Return every line below exactly, without dropping any.

Records from a dataset
◆ ◆ ◆
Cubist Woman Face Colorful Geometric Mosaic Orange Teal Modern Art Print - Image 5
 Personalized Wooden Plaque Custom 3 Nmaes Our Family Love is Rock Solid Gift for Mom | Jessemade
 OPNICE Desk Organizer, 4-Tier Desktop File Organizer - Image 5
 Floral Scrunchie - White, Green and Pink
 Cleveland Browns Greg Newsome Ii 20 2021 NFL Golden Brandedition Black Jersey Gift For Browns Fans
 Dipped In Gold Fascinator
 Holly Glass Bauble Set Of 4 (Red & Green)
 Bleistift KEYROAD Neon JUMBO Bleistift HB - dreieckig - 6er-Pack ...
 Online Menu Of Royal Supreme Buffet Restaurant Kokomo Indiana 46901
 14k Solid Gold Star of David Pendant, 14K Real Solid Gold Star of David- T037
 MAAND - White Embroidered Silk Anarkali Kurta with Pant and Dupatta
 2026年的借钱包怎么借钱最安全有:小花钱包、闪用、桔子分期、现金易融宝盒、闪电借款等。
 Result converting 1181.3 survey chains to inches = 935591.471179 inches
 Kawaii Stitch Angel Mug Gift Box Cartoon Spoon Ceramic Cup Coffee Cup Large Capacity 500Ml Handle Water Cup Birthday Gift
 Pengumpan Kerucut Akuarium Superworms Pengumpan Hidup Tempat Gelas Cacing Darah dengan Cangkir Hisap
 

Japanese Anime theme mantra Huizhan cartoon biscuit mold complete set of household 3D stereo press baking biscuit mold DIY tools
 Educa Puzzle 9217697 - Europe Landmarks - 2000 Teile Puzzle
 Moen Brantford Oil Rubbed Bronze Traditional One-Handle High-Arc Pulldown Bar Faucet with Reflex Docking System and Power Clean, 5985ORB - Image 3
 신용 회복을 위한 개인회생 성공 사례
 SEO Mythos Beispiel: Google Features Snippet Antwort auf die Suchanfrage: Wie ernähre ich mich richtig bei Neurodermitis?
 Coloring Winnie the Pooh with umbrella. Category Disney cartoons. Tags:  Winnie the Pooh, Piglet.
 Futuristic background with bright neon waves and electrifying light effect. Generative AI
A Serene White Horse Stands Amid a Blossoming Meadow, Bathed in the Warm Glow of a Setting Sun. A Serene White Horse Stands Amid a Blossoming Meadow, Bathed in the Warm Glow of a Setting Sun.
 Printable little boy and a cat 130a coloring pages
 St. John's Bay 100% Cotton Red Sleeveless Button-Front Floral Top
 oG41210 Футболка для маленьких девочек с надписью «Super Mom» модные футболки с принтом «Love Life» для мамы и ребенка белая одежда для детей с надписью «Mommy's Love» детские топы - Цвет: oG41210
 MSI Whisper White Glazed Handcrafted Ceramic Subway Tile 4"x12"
◆ ◆ ◆
## Solution to this exercise
Cubist Woman Face Colorful Geometric Mosaic Orange Teal Modern Art Print - Image 5
 Personalized Wooden Plaque Custom 3 Nmaes Our Family Love is Rock Solid Gift for Mom | Jessemade
 OPNICE Desk Organizer, 4-Tier Desktop File Organizer - Image 5
 Floral Scrunchie - White, Green and Pink
 Cleveland Browns Greg Newsome Ii 20 2021 NFL Golden Brandedition Black Jersey Gift For Browns Fans
 Dipped In Gold Fascinator
 Holly Glass Bauble Set Of 4 (Red & Green)
 Bleistift KEYROAD Neon JUMBO Bleistift HB - dreieckig - 6er-Pack ...
 Online Menu Of Royal Supreme Buffet Restaurant Kokomo Indiana 46901
 14k Solid Gold Star of David Pendant, 14K Real Solid Gold Star of David- T037
 MAAND - White Embroidered Silk Anarkali Kurta with Pant and Dupatta
 2026年的借钱包怎么借钱最安全有:小花钱包、闪用、桔子分期、现金易融宝盒、闪电借款等。
 Result converting 1181.3 survey chains to inches = 935591.471179 inches
 Kawaii Stitch Angel Mug Gift Box Cartoon Spoon Ceramic Cup Coffee Cup Large Capacity 500Ml Handle Water Cup Birthday Gift
 Pengumpan Kerucut Akuarium Superworms Pengumpan Hidup Tempat Gelas Cacing Darah dengan Cangkir Hisap
 

Japanese Anime theme mantra Huizhan cartoon biscuit mold complete set of household 3D stereo press baking biscuit mold DIY tools
 Educa Puzzle 9217697 - Europe Landmarks - 2000 Teile Puzzle
 Moen Brantford Oil Rubbed Bronze Traditional One-Handle High-Arc Pulldown Bar Faucet with Reflex Docking System and Power Clean, 5985ORB - Image 3
 신용 회복을 위한 개인회생 성공 사례
 SEO Mythos Beispiel: Google Features Snippet Antwort auf die Suchanfrage: Wie ernähre ich mich richtig bei Neurodermitis?
 Coloring Winnie the Pooh with umbrella. Category Disney cartoons. Tags:  Winnie the Pooh, Piglet.
 Futuristic background with bright neon waves and electrifying light effect. Generative AI
A Serene White Horse Stands Amid a Blossoming Meadow, Bathed in the Warm Glow of a Setting Sun. A Serene White Horse Stands Amid a Blossoming Meadow, Bathed in the Warm Glow of a Setting Sun.
 Printable little boy and a cat 130a coloring pages
 St. John's Bay 100% Cotton Red Sleeveless Button-Front Floral Top
 oG41210 Футболка для маленьких девочек с надписью «Super Mom» модные футболки с принтом «Love Life» для мамы и ребенка белая одежда для детей с надписью «Mommy's Love» детские топы - Цвет: oG41210
 MSI Whisper White Glazed Handcrafted Ceramic Subway Tile 4"x12"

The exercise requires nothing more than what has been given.